* DATA RECORDS

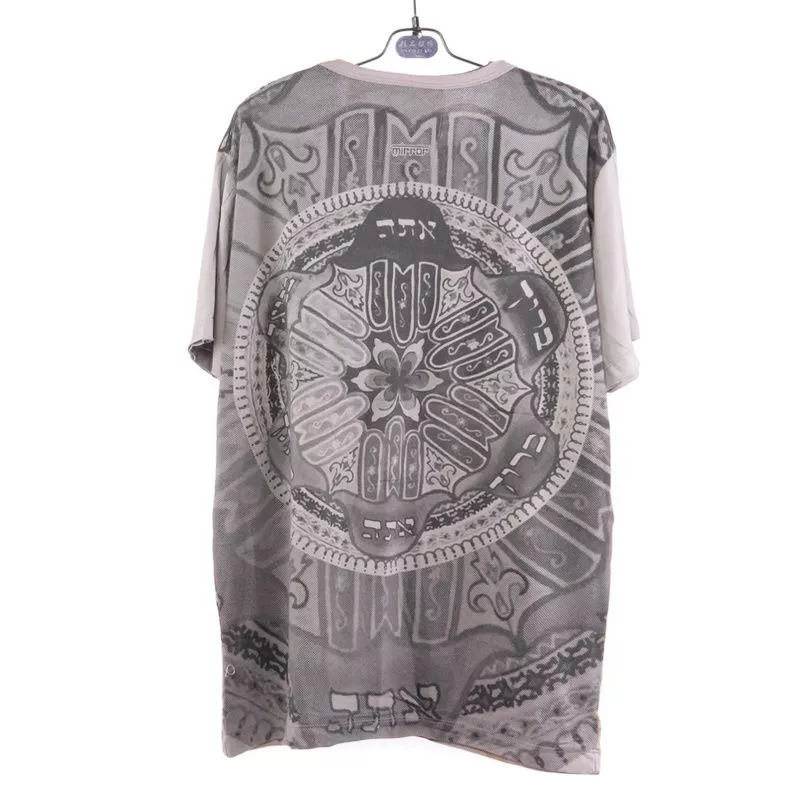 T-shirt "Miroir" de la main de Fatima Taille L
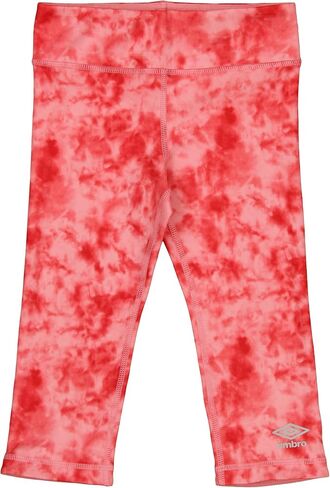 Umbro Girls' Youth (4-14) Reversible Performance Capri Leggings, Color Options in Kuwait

--

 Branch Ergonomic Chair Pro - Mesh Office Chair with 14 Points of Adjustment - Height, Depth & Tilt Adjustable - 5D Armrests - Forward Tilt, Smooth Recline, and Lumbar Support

* TASK DESCRIPTION
Above are some records; extract exactly the lines from the one containing "Fatima Taille L" through the one containing "Umbro Girls' Youth" and drop the pictures.

* ANSWER TO THIS PROBLEM
 T-shirt "Miroir" de la main de Fatima Taille L
 Umbro Girls' Youth (4-14) Reversible Performance Capri Leggings, Color Options in Kuwait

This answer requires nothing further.